#### [What to do]
The response must consist of the complete listing below, reproduced without alteration.

#### [Entries provided]
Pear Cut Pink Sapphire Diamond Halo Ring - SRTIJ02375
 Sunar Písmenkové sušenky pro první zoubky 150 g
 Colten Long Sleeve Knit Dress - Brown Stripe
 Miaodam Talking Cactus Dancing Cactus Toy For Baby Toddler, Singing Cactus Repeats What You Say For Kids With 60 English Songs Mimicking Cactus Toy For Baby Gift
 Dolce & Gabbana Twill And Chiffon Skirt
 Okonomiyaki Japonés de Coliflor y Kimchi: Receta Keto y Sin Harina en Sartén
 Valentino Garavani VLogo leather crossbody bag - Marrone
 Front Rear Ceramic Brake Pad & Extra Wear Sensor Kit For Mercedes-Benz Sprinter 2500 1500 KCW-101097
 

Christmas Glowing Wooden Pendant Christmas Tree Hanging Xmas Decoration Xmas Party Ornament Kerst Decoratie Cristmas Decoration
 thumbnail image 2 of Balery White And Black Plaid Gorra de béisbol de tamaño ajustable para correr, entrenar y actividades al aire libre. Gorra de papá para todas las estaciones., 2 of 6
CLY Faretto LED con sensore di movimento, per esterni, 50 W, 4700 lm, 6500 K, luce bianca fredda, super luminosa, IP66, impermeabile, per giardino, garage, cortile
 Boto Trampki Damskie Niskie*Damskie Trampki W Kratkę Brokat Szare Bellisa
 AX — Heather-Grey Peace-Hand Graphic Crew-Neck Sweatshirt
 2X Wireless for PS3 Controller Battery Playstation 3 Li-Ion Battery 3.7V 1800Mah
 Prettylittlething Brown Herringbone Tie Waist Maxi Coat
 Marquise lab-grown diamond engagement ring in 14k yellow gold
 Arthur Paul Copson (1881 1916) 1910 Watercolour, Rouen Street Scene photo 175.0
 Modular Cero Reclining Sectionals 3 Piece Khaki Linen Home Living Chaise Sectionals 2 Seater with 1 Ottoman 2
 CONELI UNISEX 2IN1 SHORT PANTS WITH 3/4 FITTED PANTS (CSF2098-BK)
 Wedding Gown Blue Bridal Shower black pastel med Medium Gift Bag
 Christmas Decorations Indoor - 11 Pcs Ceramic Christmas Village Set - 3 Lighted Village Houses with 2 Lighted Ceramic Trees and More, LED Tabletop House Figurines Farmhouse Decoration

#### [Result of the task]
Pear Cut Pink Sapphire Diamond Halo Ring - SRTIJ02375
 Sunar Písmenkové sušenky pro první zoubky 150 g
 Colten Long Sleeve Knit Dress - Brown Stripe
 Miaodam Talking Cactus Dancing Cactus Toy For Baby Toddler, Singing Cactus Repeats What You Say For Kids With 60 English Songs Mimicking Cactus Toy For Baby Gift
 Dolce & Gabbana Twill And Chiffon Skirt
 Okonomiyaki Japonés de Coliflor y Kimchi: Receta Keto y Sin Harina en Sartén
 Valentino Garavani VLogo leather crossbody bag - Marrone
 Front Rear Ceramic Brake Pad & Extra Wear Sensor Kit For Mercedes-Benz Sprinter 2500 1500 KCW-101097
 

Christmas Glowing Wooden Pendant Christmas Tree Hanging Xmas Decoration Xmas Party Ornament Kerst Decoratie Cristmas Decoration
 thumbnail image 2 of Balery White And Black Plaid Gorra de béisbol de tamaño ajustable para correr, entrenar y actividades al aire libre. Gorra de papá para todas las estaciones., 2 of 6
CLY Faretto LED con sensore di movimento, per esterni, 50 W, 4700 lm, 6500 K, luce bianca fredda, super luminosa, IP66, impermeabile, per giardino, garage, cortile
 Boto Trampki Damskie Niskie*Damskie Trampki W Kratkę Brokat Szare Bellisa
 AX — Heather-Grey Peace-Hand Graphic Crew-Neck Sweatshirt
 2X Wireless for PS3 Controller Battery Playstation 3 Li-Ion Battery 3.7V 1800Mah
 Prettylittlething Brown Herringbone Tie Waist Maxi Coat
 Marquise lab-grown diamond engagement ring in 14k yellow gold
 Arthur Paul Copson (1881 1916) 1910 Watercolour, Rouen Street Scene photo 175.0
 Modular Cero Reclining Sectionals 3 Piece Khaki Linen Home Living Chaise Sectionals 2 Seater with 1 Ottoman 2
 CONELI UNISEX 2IN1 SHORT PANTS WITH 3/4 FITTED PANTS (CSF2098-BK)
 Wedding Gown Blue Bridal Shower black pastel med Medium Gift Bag
 Christmas Decorations Indoor - 11 Pcs Ceramic Christmas Village Set - 3 Lighted Village Houses with 2 Lighted Ceramic Trees and More, LED Tabletop House Figurines Farmhouse Decoration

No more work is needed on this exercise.